Mas, enquanto isso não acontece, de acordo com Armindo Monjane, a UP vai investindo nas chamadas ‘Salas do Futuro’, espaços multidisciplinares que funcionam como oficinas pedagógicas para o ensino integrado em STEM (Ciências, Tecnologias, Engenharias e Matemática). Estão equipadas com kits de ciências, robótica e equipamento digital, e vão permitir a integração de várias áreas do saber no mesmo espaço com novos métodos de ensino para o desenvolvimento de competências para aprendizagem baseada na resolução de problemas da realidade quotidiana, tendo por base todas estas novas ferramentas de IA que estão agora disponíveis em open source (disponíveis para a comunidade de programadores que as queiram utilizar na criação de soluções).
Por agora está disponível apenas uma sala, instalada no campus principal da UP em Maputo, mas a previsão é que sejam instaladas outras três, em outros pontos do País.
Formação para os mais novos
Ainda no quadro da sua intervenção neste âmbito, a UP está a desenvolver o que chama de robótica educacional. Consiste em despertar, nos alunos de nível secundário, o gosto pela ciência e pelos automatismos da IA e da robótica. “À luz da robótica educacional, a Uni- versidade forma já centenas de jovens anualmente, que exibem os seus projectos numa competição promovida na academia e em que participam centenas de alunos representantes de algumas escolas da capital.
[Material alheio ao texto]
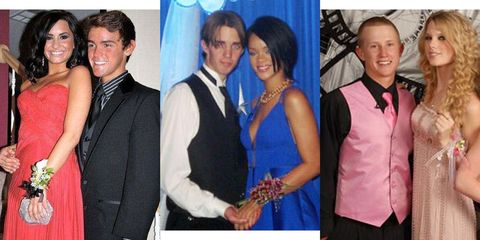 celebs at prom with fans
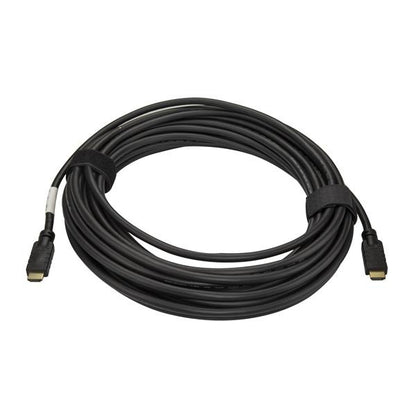 Startech.com Cable de 15 Metros HDMI con Ethernet de Alta Velocidad Activo 4k - Cable HDMI Cl2 para Instalación en Pared - Cable For Tv, Sistema de Teatro en Casa, Amplificador, Dispositivo de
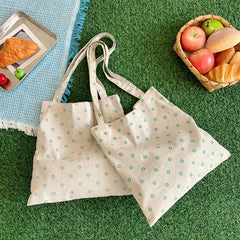 Retro Flower Female Shopping Messenger Bags Shoulder Bags Daisy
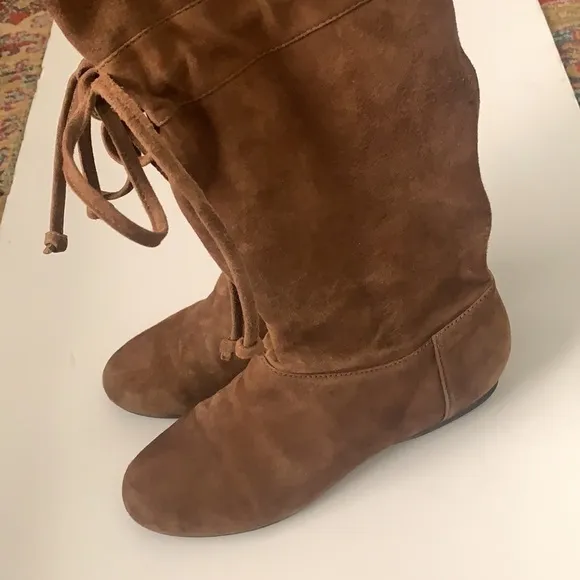 Nine West Dark Natural Suede Boots
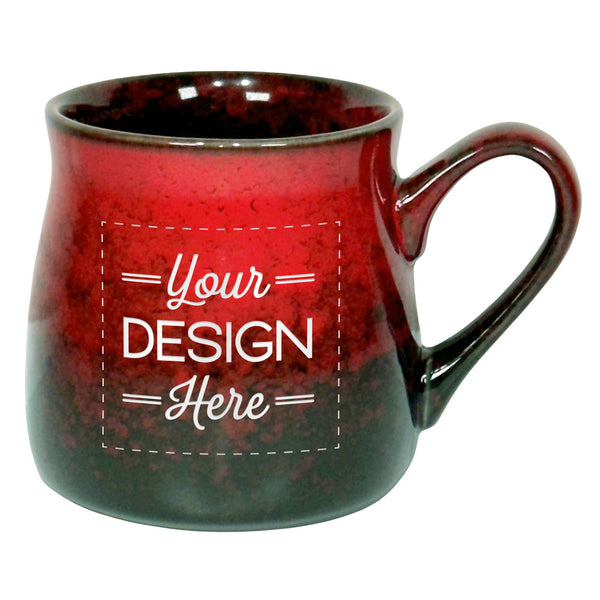 Susquehanna Glass Company - Custom Artwork Paris Tavern Mug - Red/Green, Red/Gold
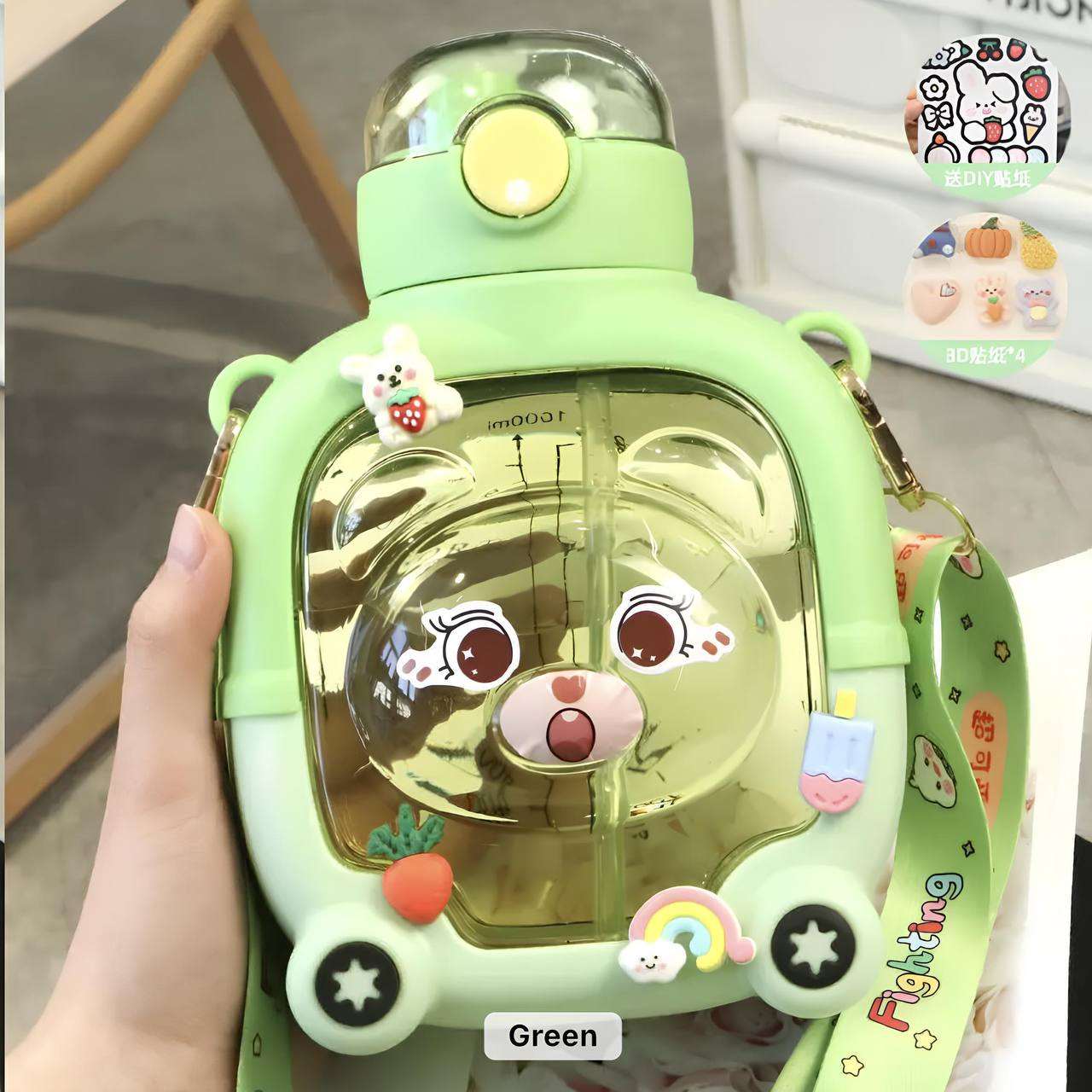 Kawaii Designer Water Bottle 1000 ML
Os vencedores têm, depois, a oportunidade de integrar equipas de concorrentes internacionais, que acabam por ser uma oportunidade de entrar em contacto com conhecimentos de outras realidades”, realça o responsável.
A este respeito, do último evento de robótica educacional, realizado em finais do ano passado, foram seleccionados seis alunos para um concurso internacional em Dallas, nos Estados Unidos, em Abril deste ano. Antes, graças ao mesmo evento, um outro grupo de jovens Moçambicanos tinha tido a oportunidade de participar num concurso similar na Suíça.
O projecto de divulgação da iniciativa da robótica educacional nas escolas tem apoios de várias organizações, sendo uma das principais a Osuwela – uma ONG ligada às ciências que fomenta o pensamento crítico, cria conteúdos para projectos na área da robótica, etc., –, que fornece formação para alunos e professores dos Clubes STEM das 12 escolas secundárias envolvidas na cidade e província de Maputo. Tudo isto é possível graças à aliança com parceiros estratégicos como a ExxonMobil, a VexRobotics, o Ministério da Educação e Desenvolvimento Humano, entre outros parceiros.
Ainda de acordo com Armindo Monjane, a ideia passa agora por “ampliar este movimento” a cada ano que passa e tentar massificar o gosto pela IA e pela robótica para, a partir daí, começar a estimular iniciativas “made in Mozambique”, que possam contribuir para aproximar humanos e máquinas, e assim criar as respostas aos problemas concretos da sociedade moçambicana e global.